"By today's definition of it, I've done "HEY HI" since I was 20, but we never called it that. We called those algorithms all sorts of other things."One of the most pervasive hype waves at the moment is "AI", which we call "HEY HI" as means of ridicule. We ridicule the term for the most part; it has become utterly ridiculous and it covers just about everything, in the same way "cloud" and "smart" do. By today's definition of it, I've done "HEY HI" since I was 20, but we never called it that. We called those algorithms all sorts of other things. Terms like "machine vision" or "game theory" are a lot more meaningful and descriptive than "HEY HI".

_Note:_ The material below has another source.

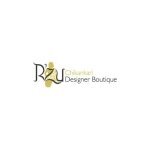 RZUstyle coupons and promo codes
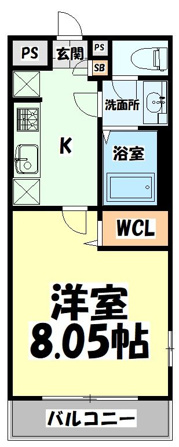 リブリ・ブルーム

Days ago the UK-IPO and EPO were both pushing "HEY HI" agenda in public. It was about patents rather than "HEY HI". To quote (with buzzword substitution): "Pihlajamaa added that there are three main categories of HEY HI: inventions on HEY HI such as machine learning, inventions which use HEY HI, and inventions created by HEY HI."

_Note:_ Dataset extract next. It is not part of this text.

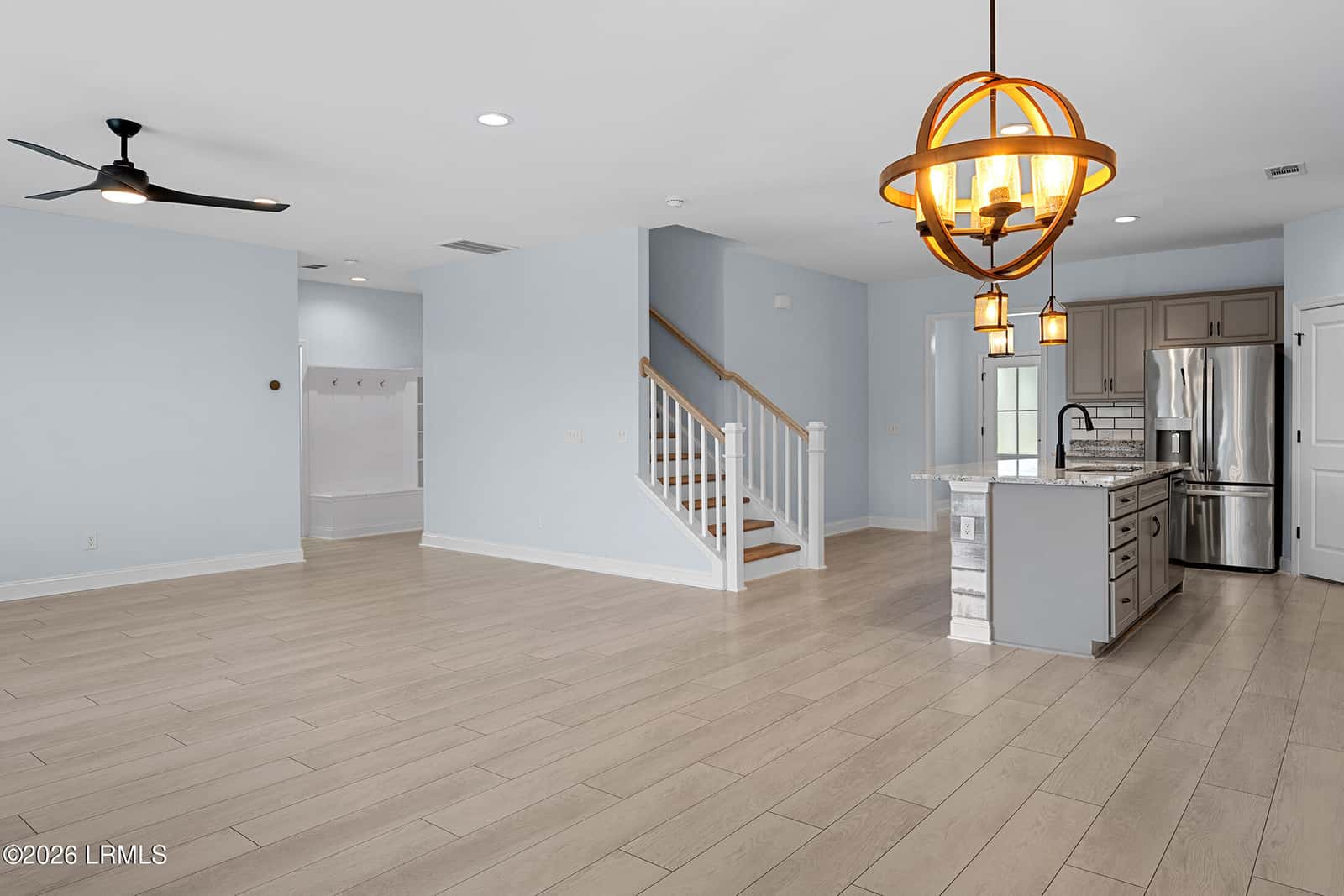 129 Raines Way, Okatie, SC 29909 — photo 23 of 85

Marvelous, gentlemen! Just marvelous!
Where can I buy some HEY HI?
Show me to your HEY HI leader!
These buzzwords for algorithms would be merely cause for amusement and ridicule if they weren't actively used to feed patent trolls with software patents. There's nothing comical about extortion/blackmail leveraging fake patents that are invalid as per the EPC.

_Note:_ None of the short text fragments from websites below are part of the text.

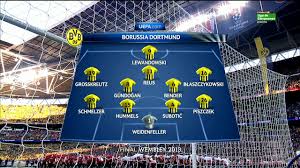 May 26, 2021 · der bvb war 2013 (4:2) und 2014 (2:0) jeweils in dortmund erfolgreich. Bayern Munich Vs Bvb 2013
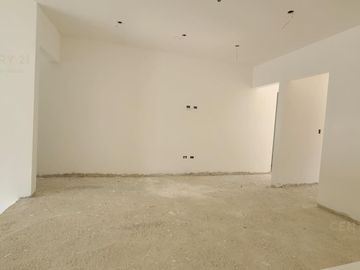 Hermosa casa en preventa en Residencial Senderos Mayakoba en Playa del Carmen P4400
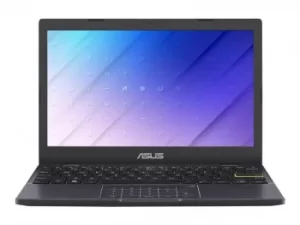 image of Asus E210 11.6" Laptop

Articles like the one cited above show a degree of complicity inside the media; there have been lots of these lately from World Intellectual Property Review (WIPR), as we noted days ago. We saw at least four in the past couple of days alone. All about HEY HI! In relation to patents:
The EPO’s discussions on AI with member states have focused on four aspects: patentability, disclosure, persons skilled in the art, and inventorship.
With respect to disclosure, Pihlajamaa said there is concern over ‘black box’ patenting, with inventions in the AI space not being sufficiently disclosed in patent applications.
Pihlajamaa added: “I have seen a lot of new technologies and often, when we talk about new technology, there is a new language created…a new [set of] terminology. It takes some time before there is a general agreement on how we express these different things.
“But, as I hear from examiner colleagues, we are already there. There’s already a lot of common understanding about how to draft patent applications [in the AI technology area].”
Sir Robin Jacob, the Sir Hugh Laddie chair of IP law at University College London, added that patent law will survive the fourth industrial revolution of AI, just as it has survived the first three.
According to Mike Jennings, partner and patent attorney at AA Thornton in London, the European Patent Office (EPO) has provided “very clear” guidance in this respect, particularly for the first of the two-step patentability test for AI applications.